WHAT THE EXERCISE ASKS:
Retype only what runs from the first line of the records to the line with "ComplyRight 2027 Attendance", inclusive, and no pictures.

[Short descriptive text snippets]
--------

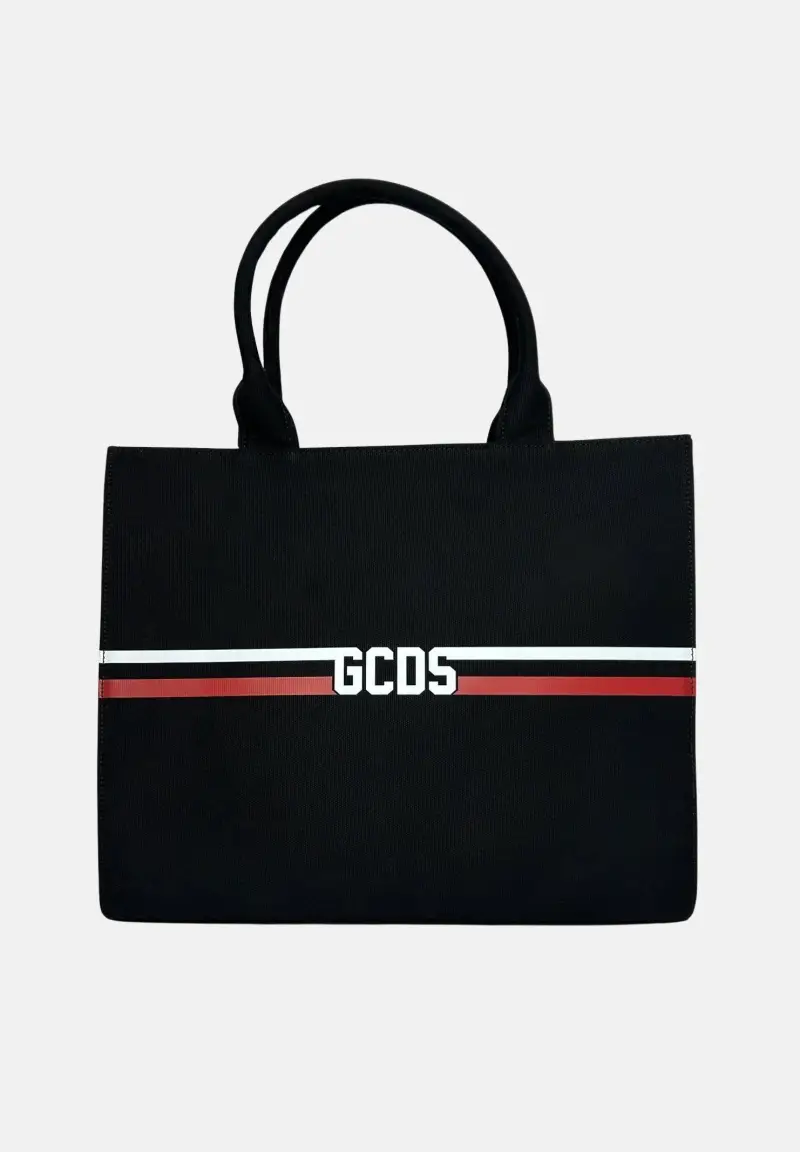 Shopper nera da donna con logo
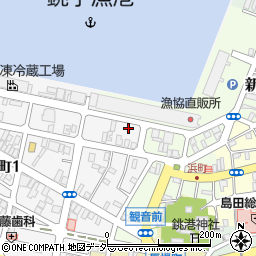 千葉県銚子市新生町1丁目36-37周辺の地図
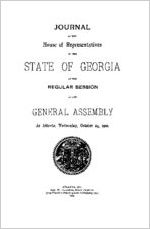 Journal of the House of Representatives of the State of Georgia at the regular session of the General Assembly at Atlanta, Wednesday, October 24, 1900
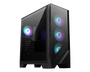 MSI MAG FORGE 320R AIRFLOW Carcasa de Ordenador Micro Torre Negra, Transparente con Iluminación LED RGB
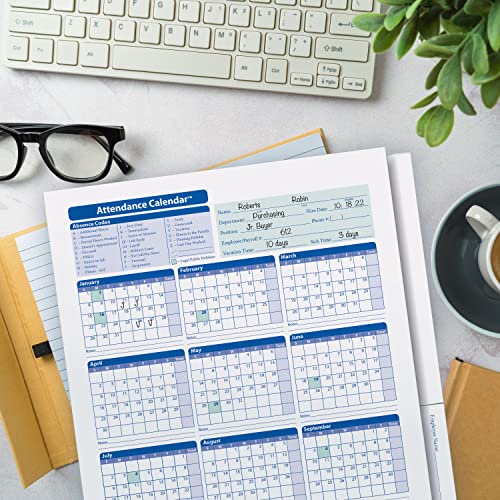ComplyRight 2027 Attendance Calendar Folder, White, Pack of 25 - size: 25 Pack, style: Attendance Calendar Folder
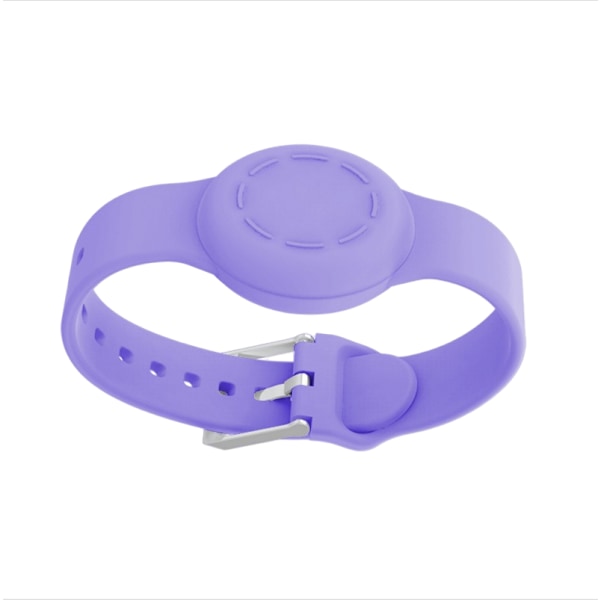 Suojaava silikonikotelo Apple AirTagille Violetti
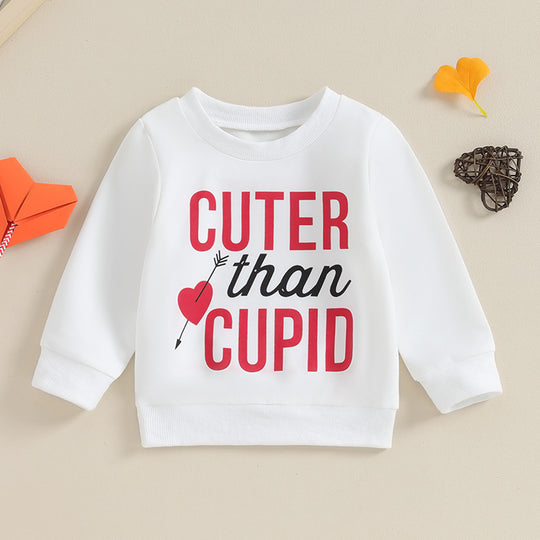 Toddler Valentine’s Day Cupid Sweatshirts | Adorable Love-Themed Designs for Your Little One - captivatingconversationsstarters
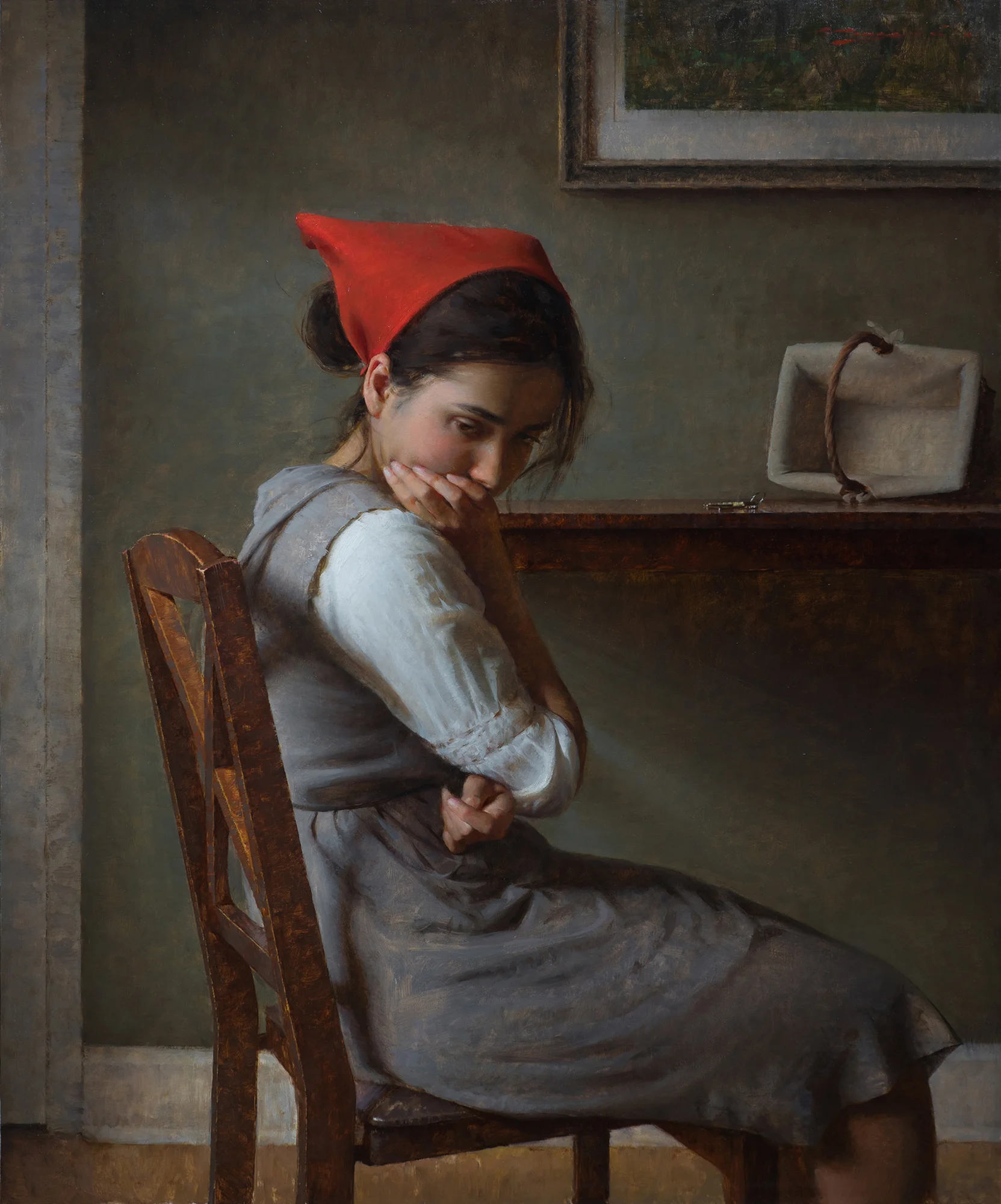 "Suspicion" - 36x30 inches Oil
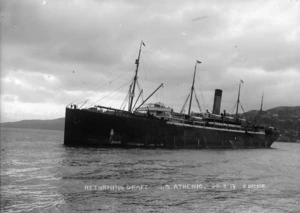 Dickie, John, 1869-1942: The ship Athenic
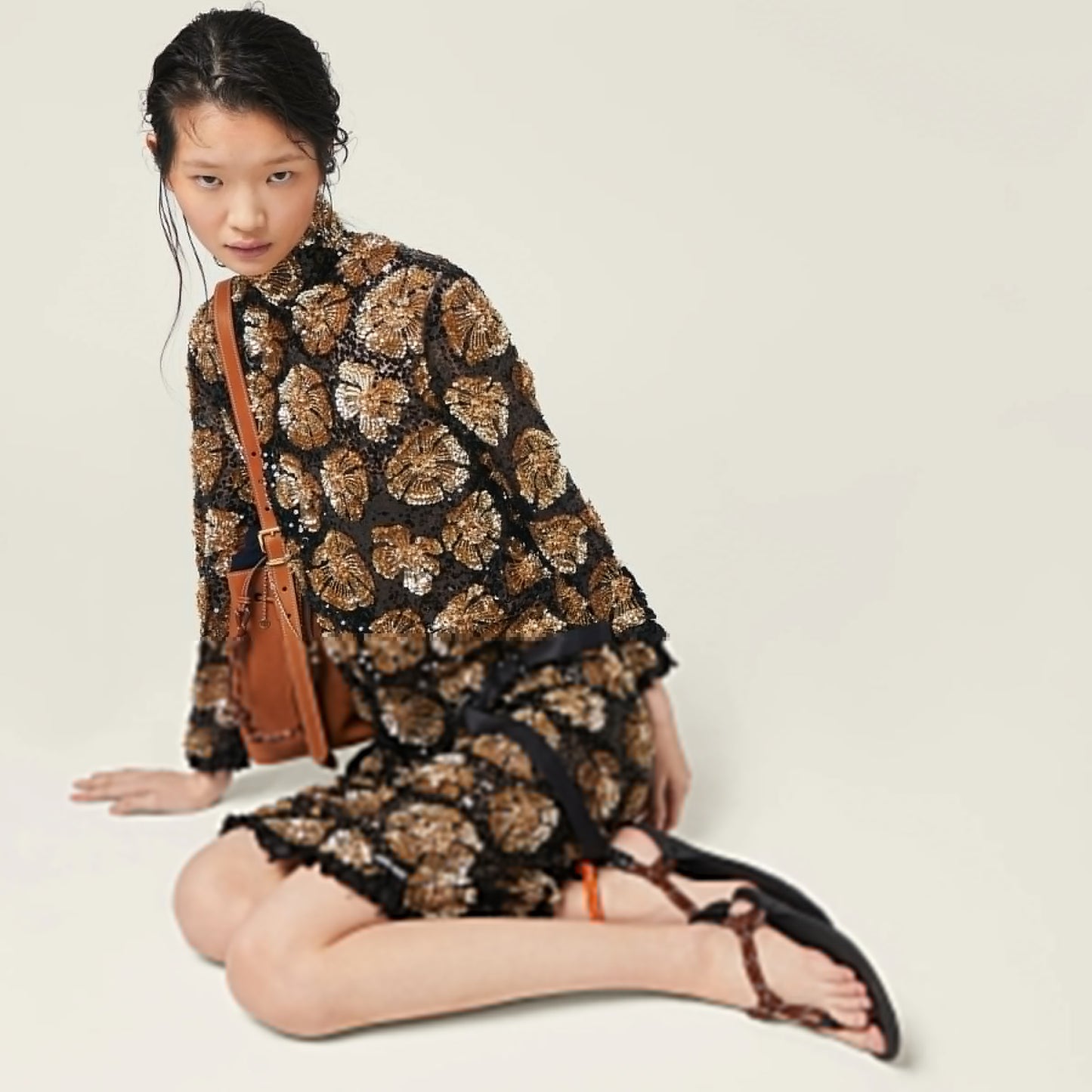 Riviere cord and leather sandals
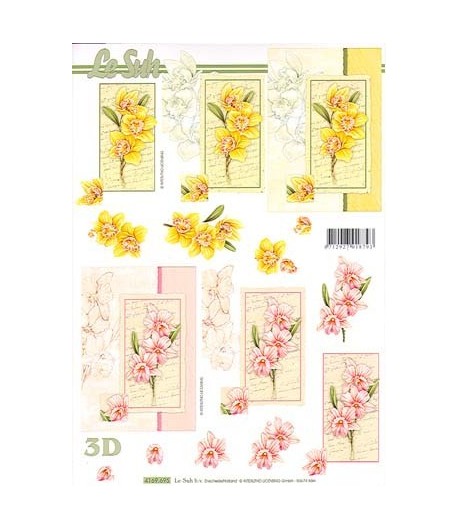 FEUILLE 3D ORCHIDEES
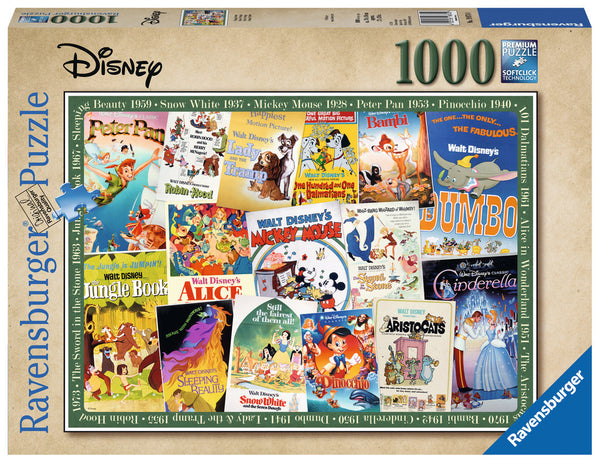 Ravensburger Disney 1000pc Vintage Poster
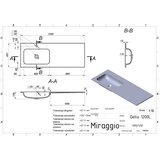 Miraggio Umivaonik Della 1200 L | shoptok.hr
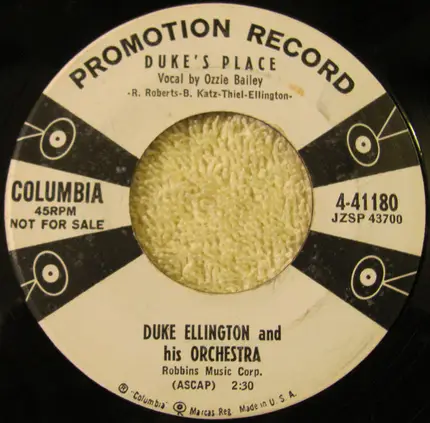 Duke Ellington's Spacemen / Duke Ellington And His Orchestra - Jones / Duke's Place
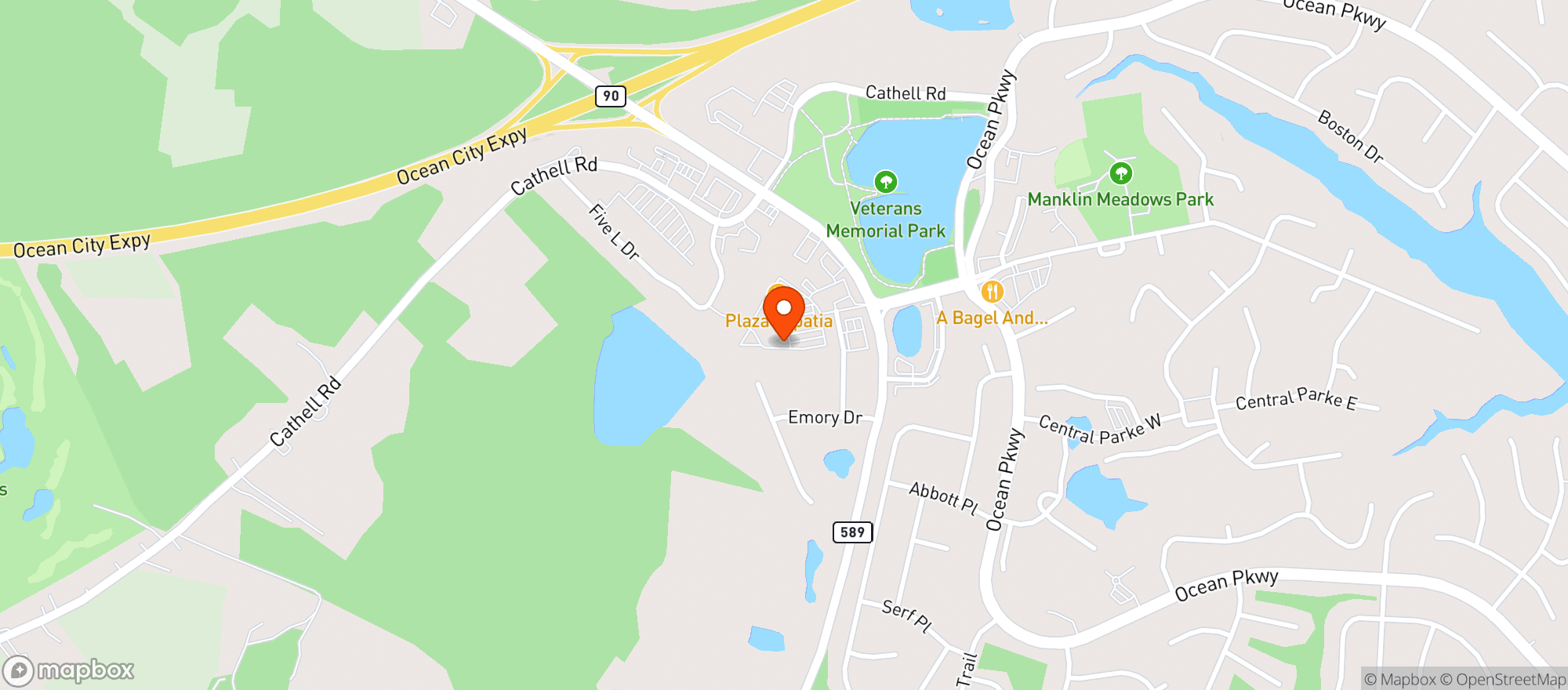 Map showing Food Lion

--------

EXERCISE RESULT:
 Shopper nera da donna con logo
 千葉県銚子市新生町1丁目36-37周辺の地図
 Journal of the House of Representatives of the State of Georgia at the regular session of the General Assembly at Atlanta, Wednesday, October 24, 1900
 MSI MAG FORGE 320R AIRFLOW Carcasa de Ordenador Micro Torre Negra, Transparente con Iluminación LED RGB
ComplyRight 2027 Attendance Calendar Folder, White, Pack of 25 - size: 25 Pack, style: Attendance Calendar Folder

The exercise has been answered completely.